TASK REQUIREMENTS: Each line of the data must reappear exactly in your answer, with no images included.

DATASET SECTION:
-- Opening Marker --

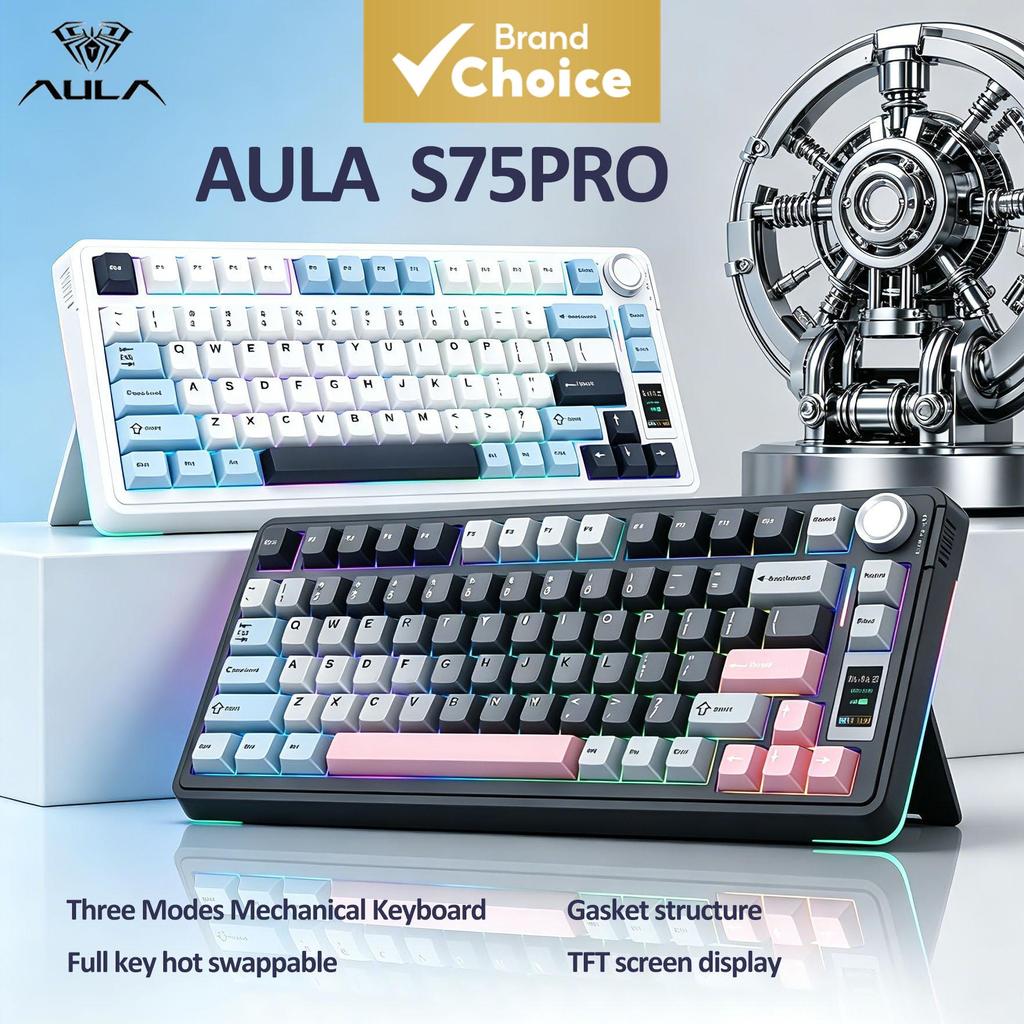 คีย์บอร์ดเกมมิ่ง Aula S75Pro แบบ 75% ไร้สาย 3 โหมด ถอดสวิตช์เปลี่ยนได้ ไฟ RGB พร้อมลูกบิดจอ LCD แบตเ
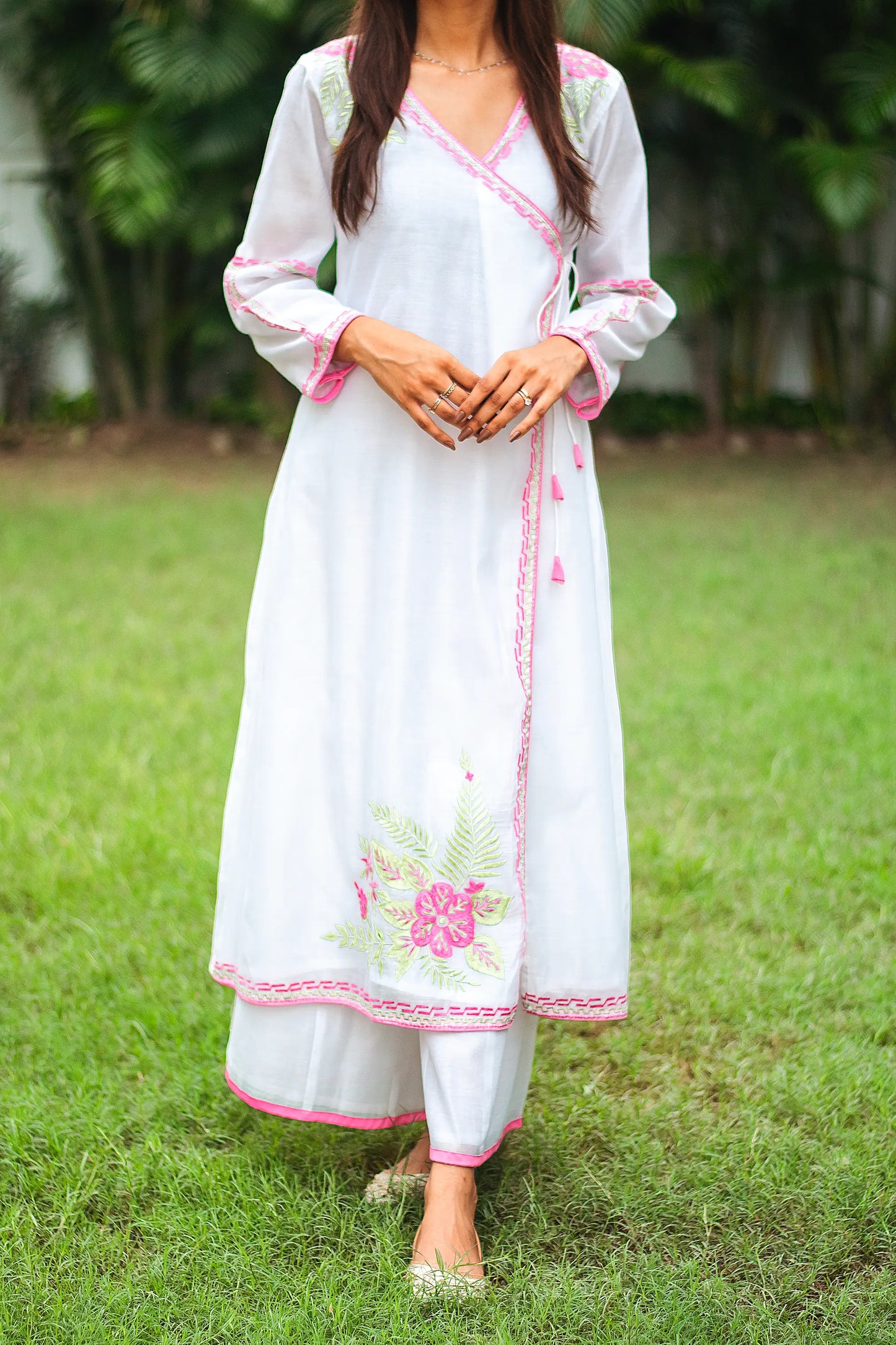 White chanderi resham embroidered angarkha and dupatta with white palazzo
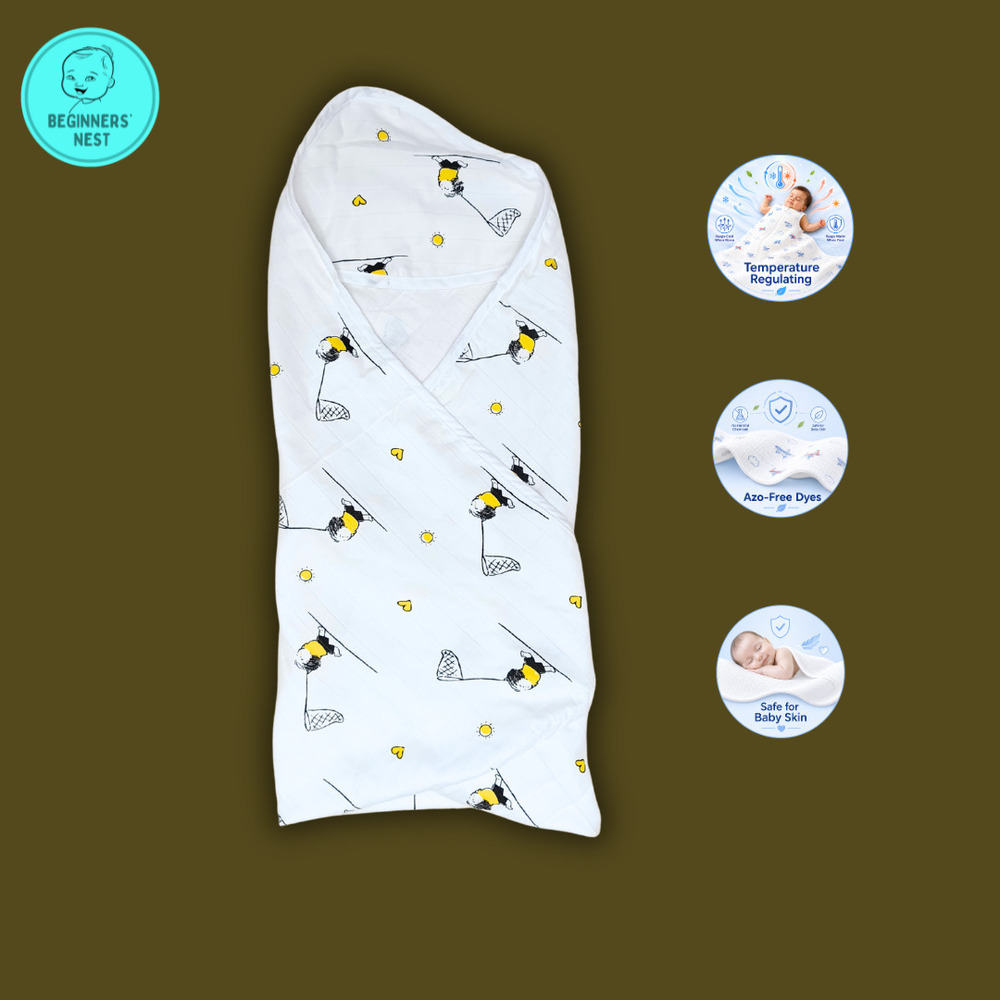 Happy kid Muslin Hooded Towel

-- Closing Marker --

YOUR SOLUTION:
 คีย์บอร์ดเกมมิ่ง Aula S75Pro แบบ 75% ไร้สาย 3 โหมด ถอดสวิตช์เปลี่ยนได้ ไฟ RGB พร้อมลูกบิดจอ LCD แบตเ
 White chanderi resham embroidered angarkha and dupatta with white palazzo
 Happy kid Muslin Hooded Towel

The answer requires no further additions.